Election Analysis – Minnesota

Again, thank heavens Pawlenty won. Mike Hatch would have been a disaster for this state. While Pawlenty’s margins were razor thin, it’s still a victory. In fact, it’s a considerable victory, as Republican turnout was likely depressed in this election. When the bottom fell out of the Kennedy/Klobuchar race, it undoubtedly hurt the rest of the Republican ticket. That seems to show in the other statewide races — Kiffmeyer and Anderson were trounced. GOP voters just didn’t show up to the polls yesterday in as large a number as they normally do. What this means is that Pawlenty was able to get enough crossover support from Democrats to pull off his narrow win — if he had just gotten the GOP base, Hatch would have trounced him by several points.
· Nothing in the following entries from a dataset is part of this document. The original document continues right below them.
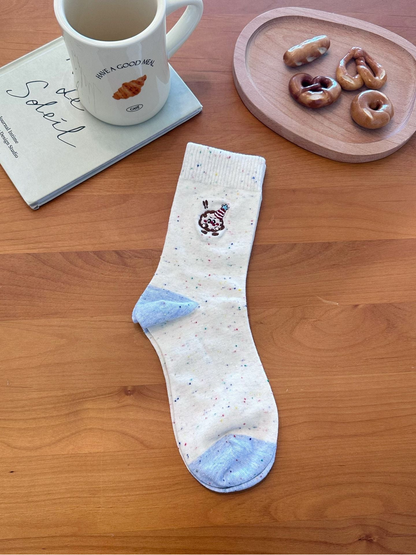 Dessert style ivory speckled sock with embroidered character and contrasting blue heel and toe, laid flat.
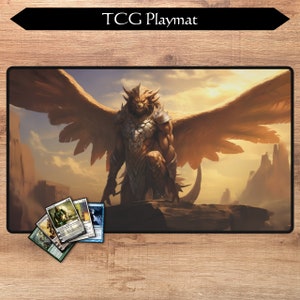 May include: A TCG playmat featuring a golden-brown winged creature with a lion-like head, standing on a rocky outcrop against a sunset background. The playmat has a textured surface and is designed for use with trading card games.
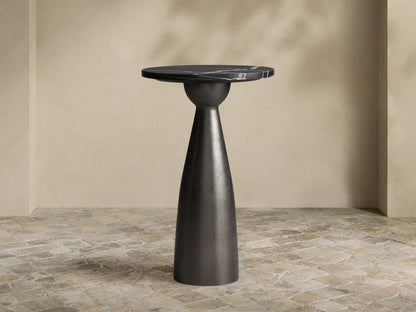 Beaufort Martini Table: round black marble top with white veining on a dark, textured conical base, sitting on stone tiles.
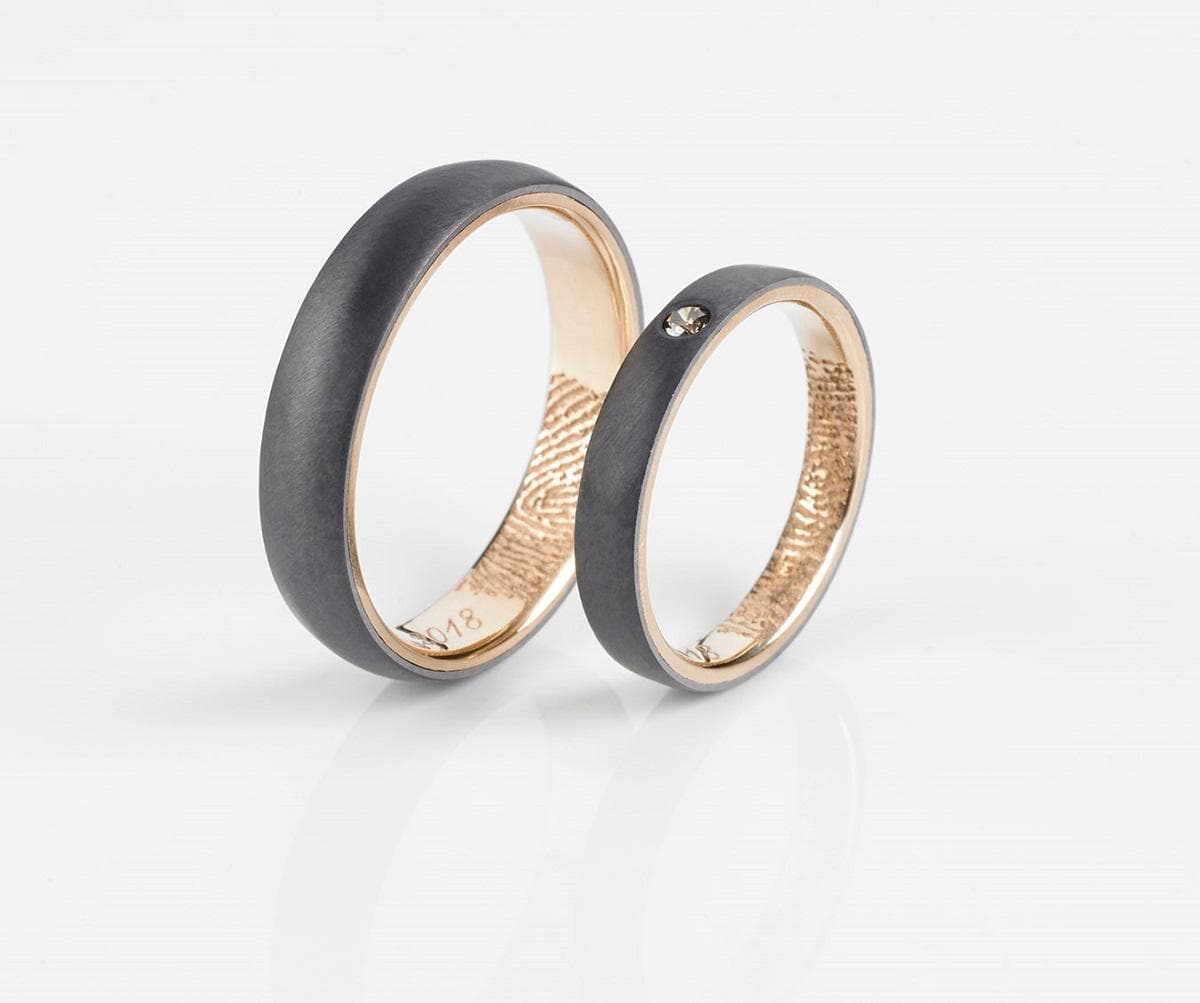 Es handelt sich um geschlossene Ringe aus Tantal (Fingerringe). Die Oberflächen können gelaserte Gravuren aufweisen.
Die Ringe weisen Goldlegierungen in den Feinheiten 585, 750 bzw. 900 in Gestalt einer sogenannten Goldschiene auf. Die Farben können zwischen Roségold, Weißgold, Rotgold oder Gelbgold variieren.

-Antragstellerangaben-
Abbildung siehe Anlage.

Eine Einreihung in die Position 7117 als Fantasieschmuck kommt nicht in Betracht, da die Ringe mit einer Goldlegierung versehen sind, die nicht lediglich als geringfügige Verzierung oder unwesentliche Zutat in dem Ring enthalten ist.
Derartige Erzeugnisse gehören als "Schmuckware aus Edelmetallen (andere als in der Unterposition 7113 1100 genannte), aus anderen Edelmetallen" zur Unterposition 7113 1900 der Kombinierten Nomenklatur.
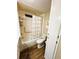 Bathroom featuring white vanity with marble top, toilet, and bathtub with shower at 106 Royal Palm Dr, Leesburg, FL 34748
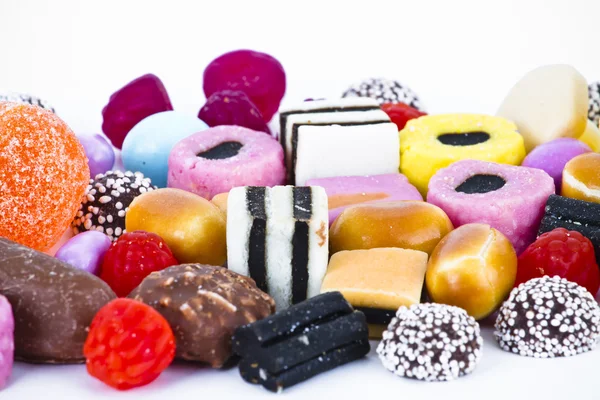 Molte caramelle su sfondo bianco. snack di frutta — Foto Stock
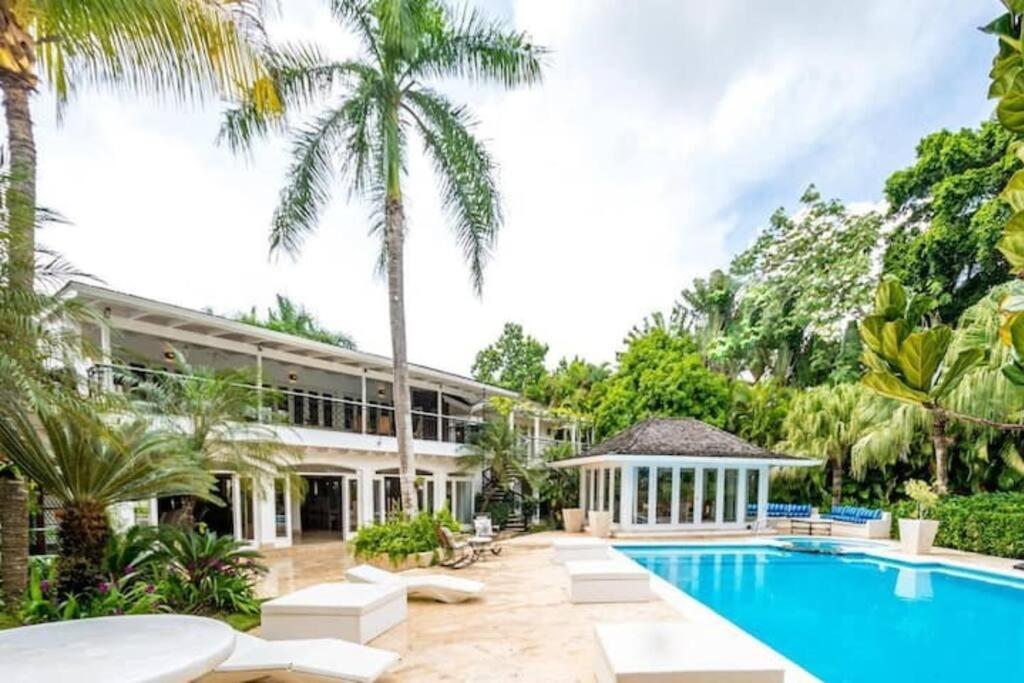 an exterior view of a resort with a swimming pool and palm trees at Villa Beach & Golf CASA DE CAMPO in La Romana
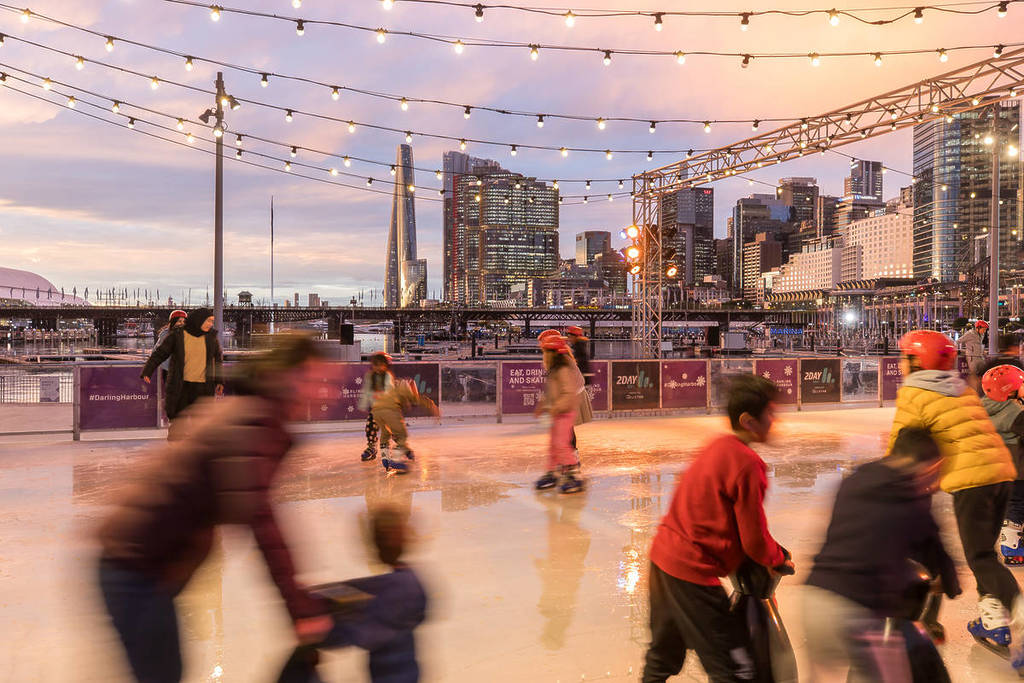 Skaters twirl around the Darling Harbour ice rink at sunset, with the CBD skyline visible in the background.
Bachmann did better against Wetterling than I would have expected. I suspect that both Kennedy and Wetterling were hurt by negative advertising. Going negative is always a risky political strategy, and when Kennedy and Wetterling did it as challengers, it ended up hurting them rather than helping.

The big shocker was the Gutknecht/Walz race. It wasn’t close, Walz soundly trounced Gutknecht. Obviously the early reports that MN-1 was safe were completely and totally wrong. Again, I think that turnout is key in that race. The GOP turnout was probably much lower than it should have been. Two other factors seem to have been in play. The first is that Gutknecht was far too complacent, and many Republicans are blaming him for running a campaign that was lackluster at best. He thought he had a safe seat, and while conventional wisdom would have said that was true, every smart politician runs like they’re 10 points down. Gutknecht didn’t do that, and it cost him.

The second one is that the demographics of the First are changing. Rochester is trending more and more Democratic. Immigration is changing the demographics of cities like Worthington. It’s a less safely Republican district than it has been in the last few cycles, and redistricting made it much more diverse than it was. It’s quite possible that a smart GOP candidate can knock off Walz in the next electoral cycle, but it’s going to take a lot of work.

No doubt about it, the Republicans got trounced in Minnesota, even harder than they got trounced nationally. Ron Carey hasn’t been able to pull off what his predecessor did, and that’s hurting Minnesota Republicans. The Minnesota GOP is going to have to work hard at fixing their problems and increasing turnout. Minnesota will be firmly in the spotlight in 2008, and while the GOP has suffered a major setback, that doesn’t mean that Minnesota will forever be a blue state — just that there’s a lot of work that needs to be done.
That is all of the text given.